Pelanggaran ini dilakukan oleh direksi periode Januari--Juni 2001 dengan beberapa cara, termasuk:
- Membuat dua daftar harga persediaan berbeda yang diterbitkan pada Februari 2001 dan 5 Februari 2001, keduanya diotorisasi oleh Direktur Produksi PT Kimia Farma.
- Melakukan pencatatan ganda penjualan pada unit pedagang besar farmasi dan unit bahan baku.
Berdasarkan temuan tersebut, tindakan PT Kimia Farma terbukti melanggar peraturan Bapepam No. VIII.G.7 tentang pedoman penyajian laporan keuangan. Meskipun auditor telah mengikuti prosedur audit, termasuk teknik audit sampling sesuai dengan Standar Profesional Akuntan Publik (SPAP), penggelembungan laba tidak terdeteksi.
Sesuai Pasal 111 PP No. 45 Tahun 1995 tentang Penyelenggaraan Pasar Modal, PT Kimia Farma dikenakan sanksi administratif berupa denda sebesar Rp 500 juta.

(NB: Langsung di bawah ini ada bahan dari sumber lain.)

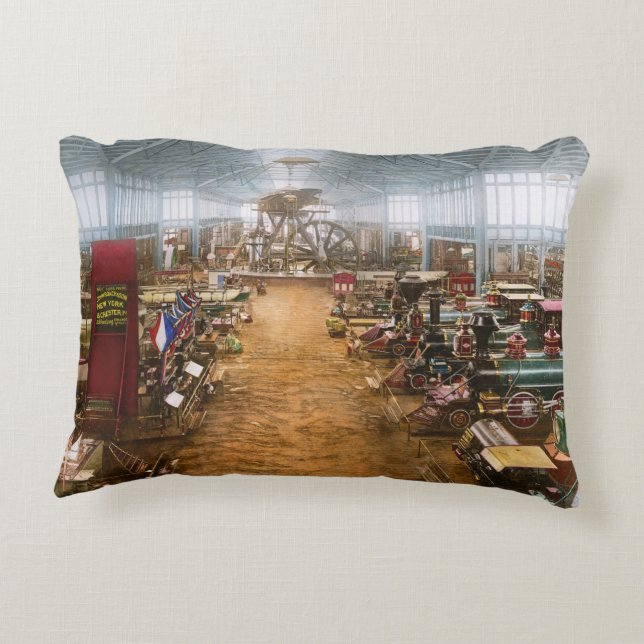 Train - That new train smell 1876 Accent Pillow (Back)
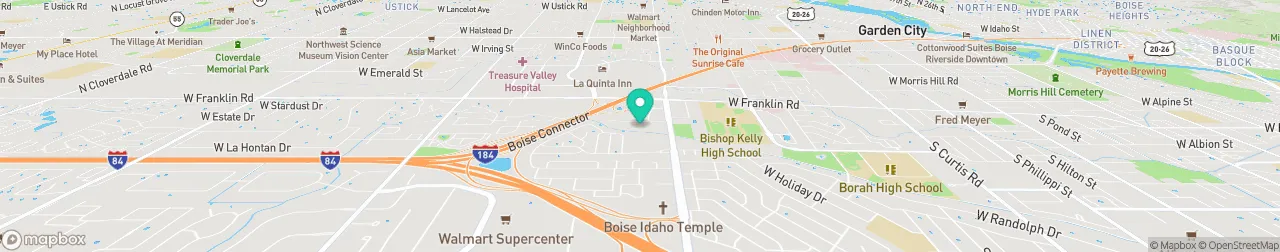 borne de recharge sur la carte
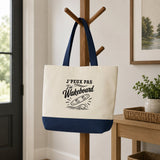 Grand Sac Cabas Fond Bleu J’peux pas j’ai Wakeboard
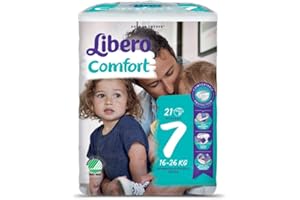 Libero Comfort 7 Nappies (16-26kg) - Pack of 21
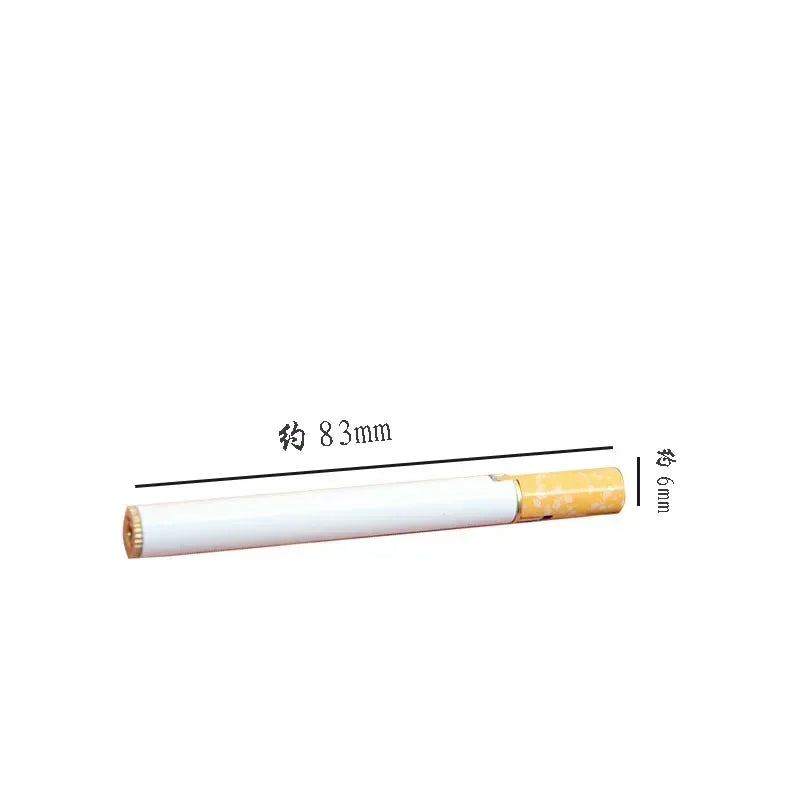 Mini Soft Flame Lighter Cigarette Style Grinding Wheel Flint Torch Gas Lighters Pocket Lighter Cigarette Accessories Gadget Gift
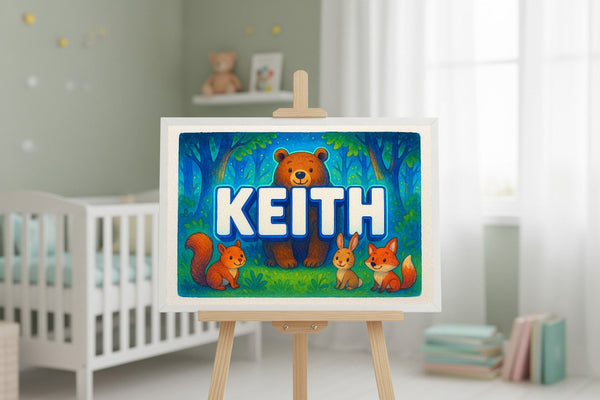 Keith’s Personalized Forest Friends Art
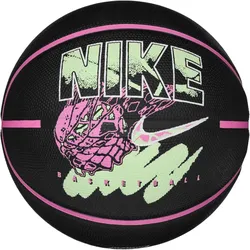 NIKE Everyday Playground Grapic 8P Basketball 099 - black/playful pink/white/barely volt 7
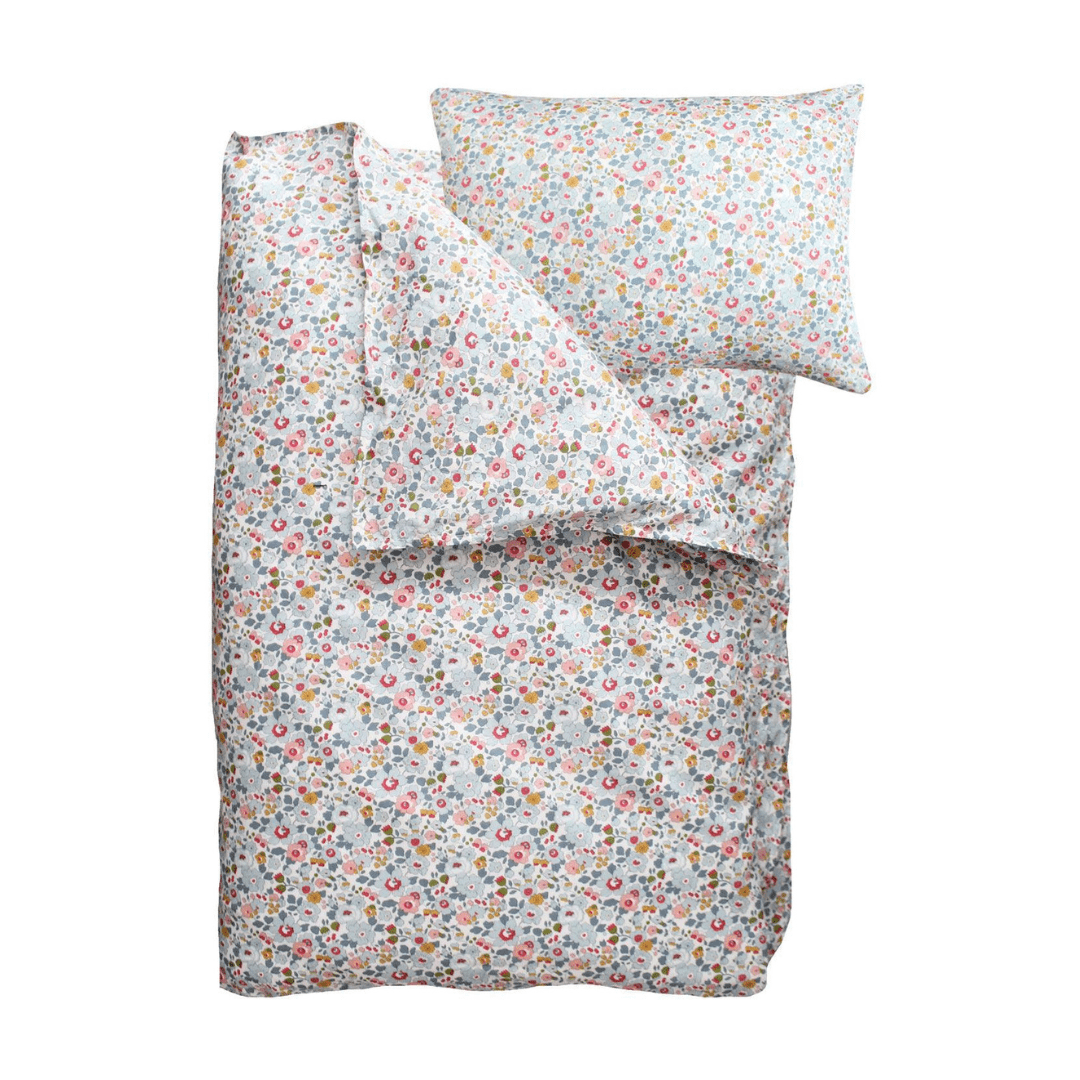 Bedding Made With Liberty Fabric Betsy Grey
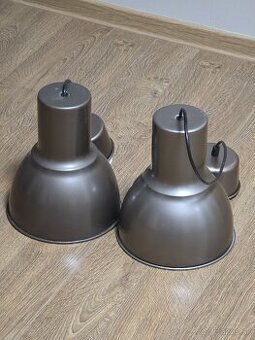 2x IKEA HEKTAR Závesné Lampy (Hnedá)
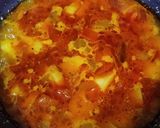 A picture of step 5 of Batata Nu Shaak (Gujarati Style Potato Sabzi).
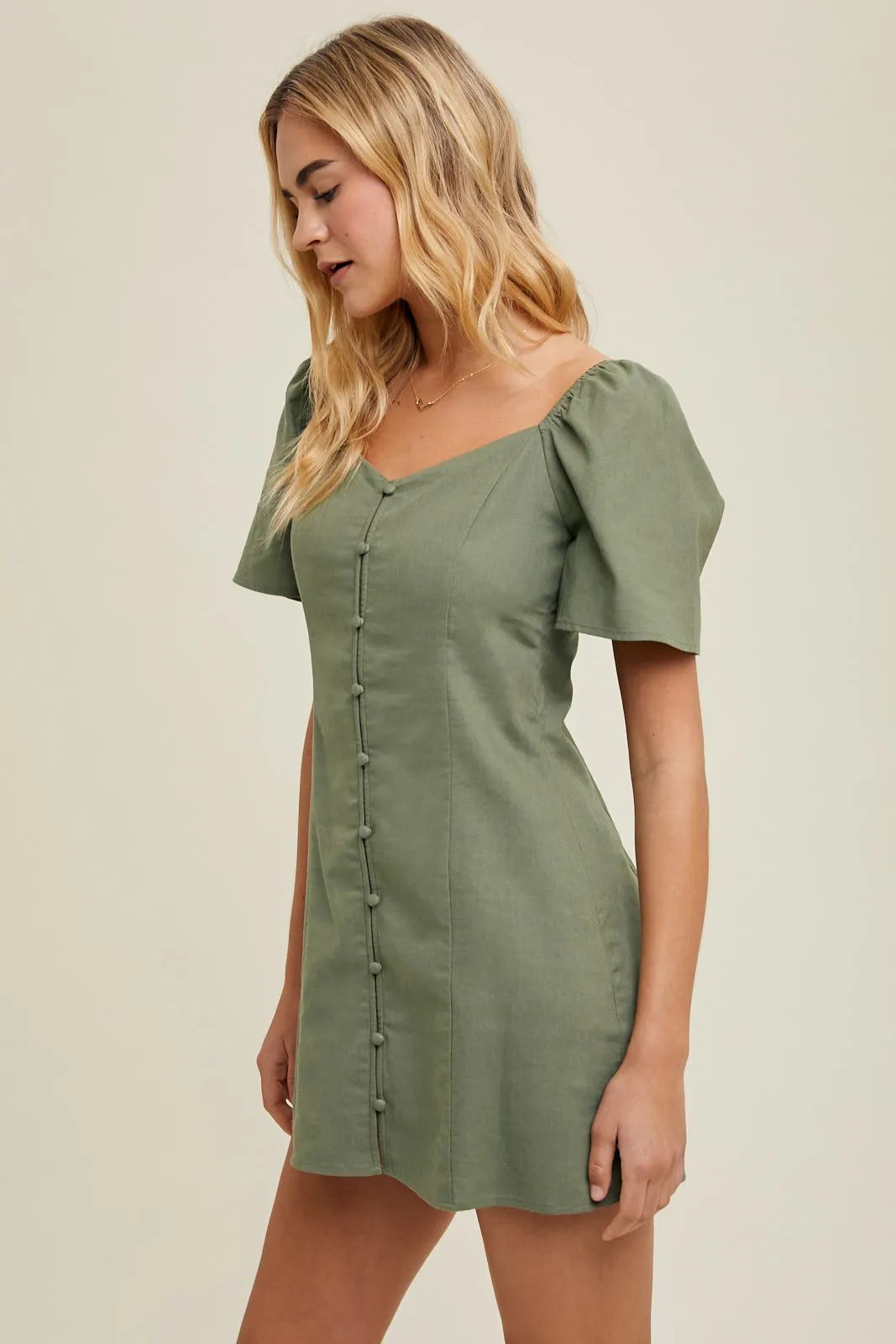 Peyton Dress (Olive)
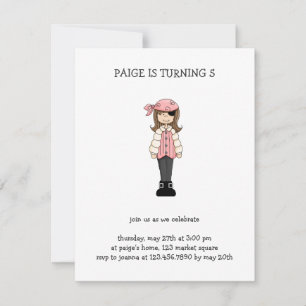 Pink Pirates ・ Pirate Girl #4 Einladung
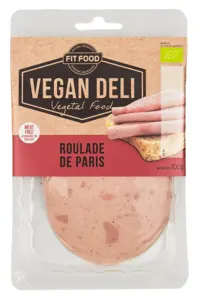 Ekologiškas veganiškas gaminys VEGAN DELI Roulade de Paris, pjaustytas, LT-EKO-001, 100g
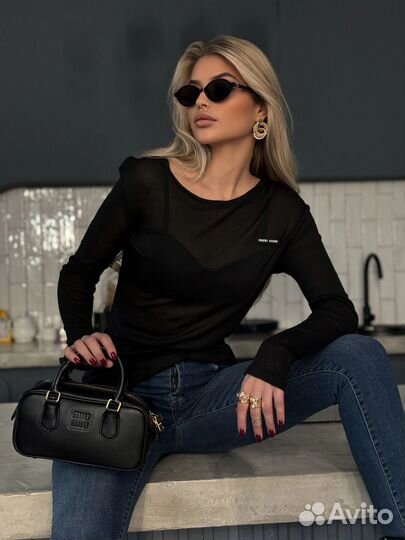 Лонгслив Miu Miu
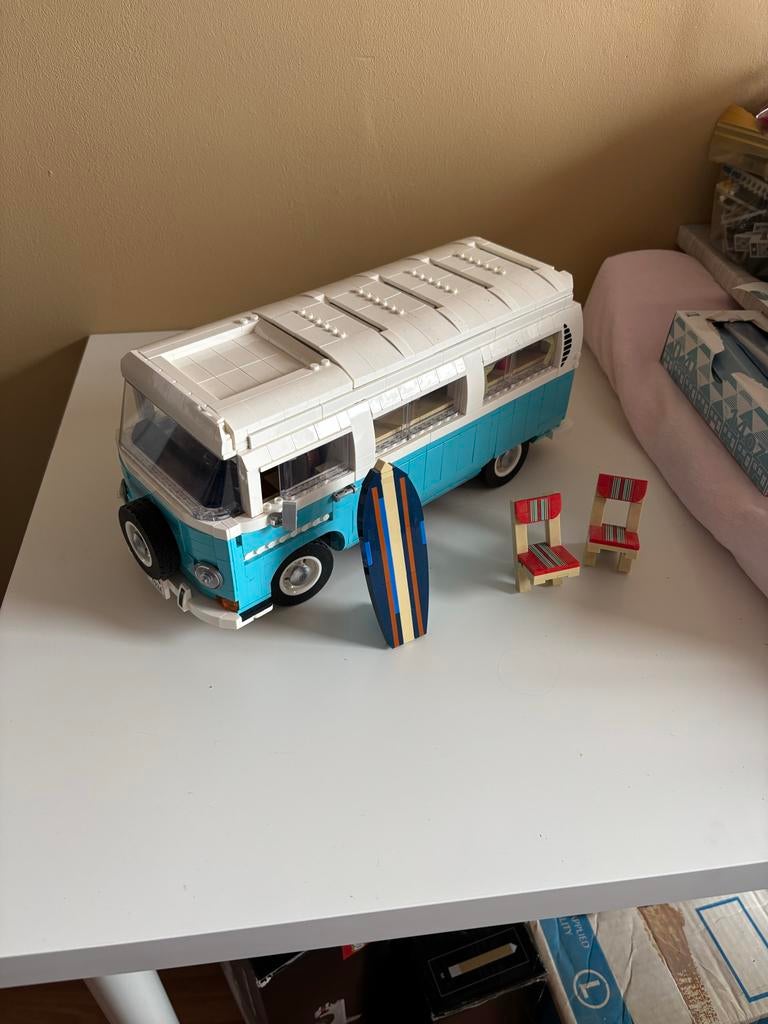 Lego VW T2 Bus, Ophalen of Verzenden, Zo goed als nieuw, Complete set, Lego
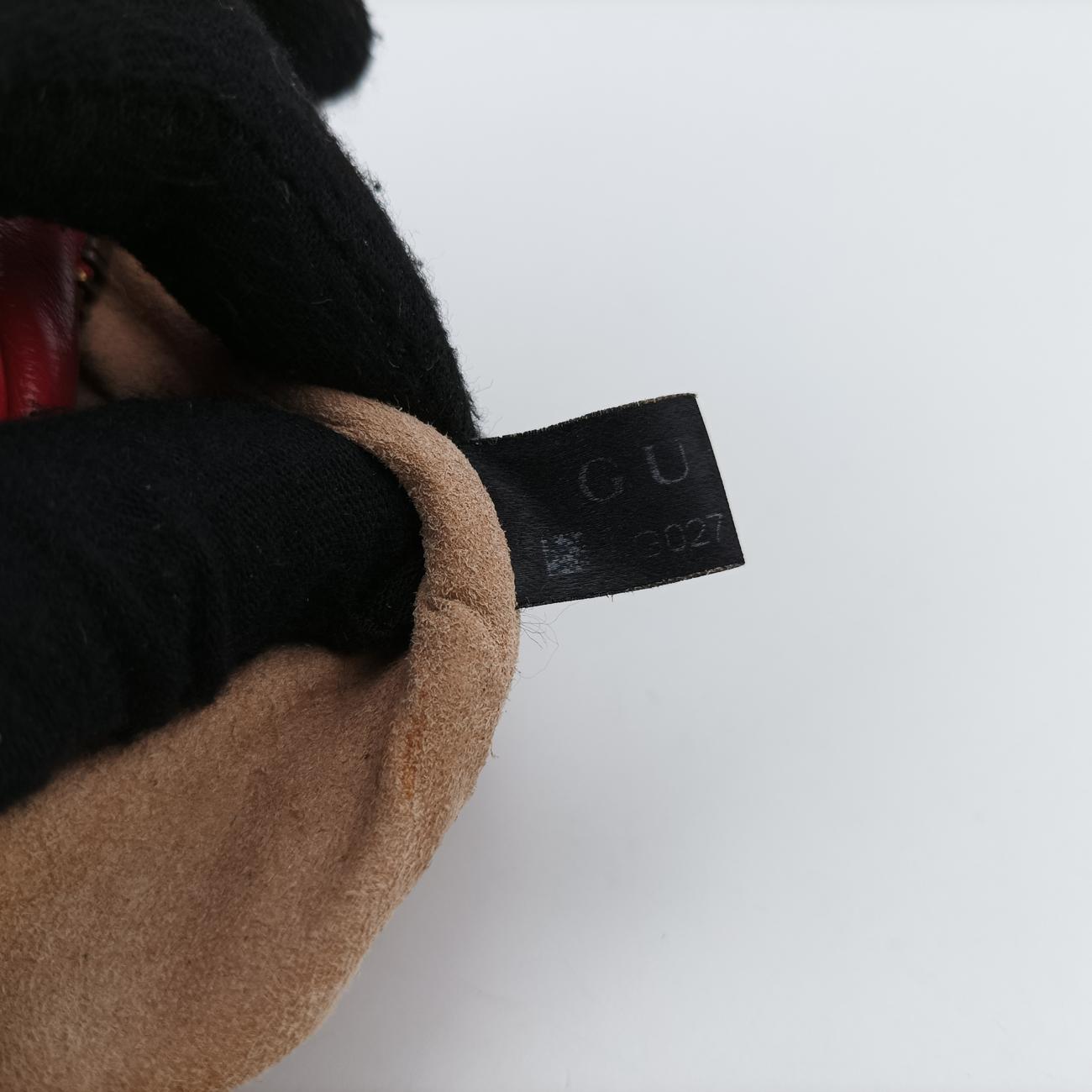 GG MarmontRedLeather448065Lot number unknownGGマーモントレッドレザー448065製番不明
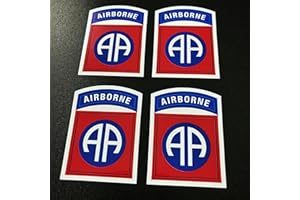 LONE STAR SIGNS 82nd Airborne Division (4 pack) - Stickers
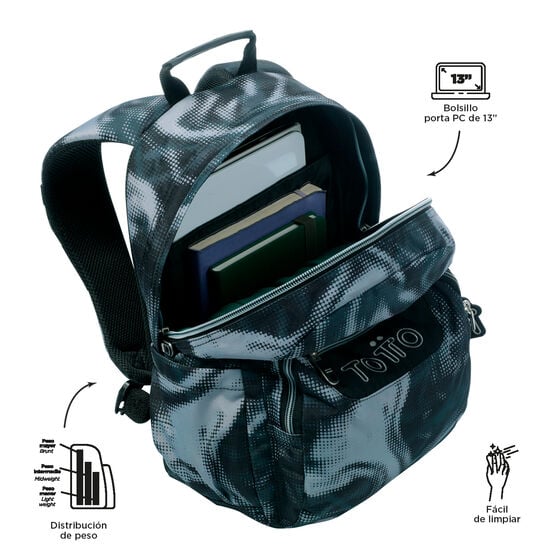 Totto Mochila Gommas - Bluc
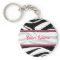 Zebra Print Keychain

Berdasarkan Pasal 63 huruf c UU No. 8 Tahun 1995 tentang Pasar Modal, direksi lama periode Januari--Juni 2001 diwajibkan membayar Rp 1 miliar ke kas negara karena praktik penggelembungan laporan keuangan.
Selain itu, KAP Ludovicus Sesi & Rekan sebagai auditor PT Kimia Farma dikenakan denda Rp 100 juta karena gagal mendeteksi penggelembungan laba meskipun telah menjalankan prosedur audit sesuai SPAP.
C. PembahasanÂ
Kesalahan penyajian laporan keuangan yang terjadi pada PT Kimia Farma mengindikasikan adanya praktik tidak sehat oleh manajemen perusahaan. Sayangnya, kesalahan tersebut tidak terdeteksi oleh akuntan publik yang mengaudit laporan keuangan perusahaan pada periode tersebut. Hal ini menimbulkan pertanyaan apakah kegagalan mendeteksi kesalahan tersebut sepenuhnya merupakan tanggung jawab akuntan publik, mengingat auditor tersebut telah melaksanakan prosedur audit sesuai Standar Profesional Akuntan Publik (SPAP).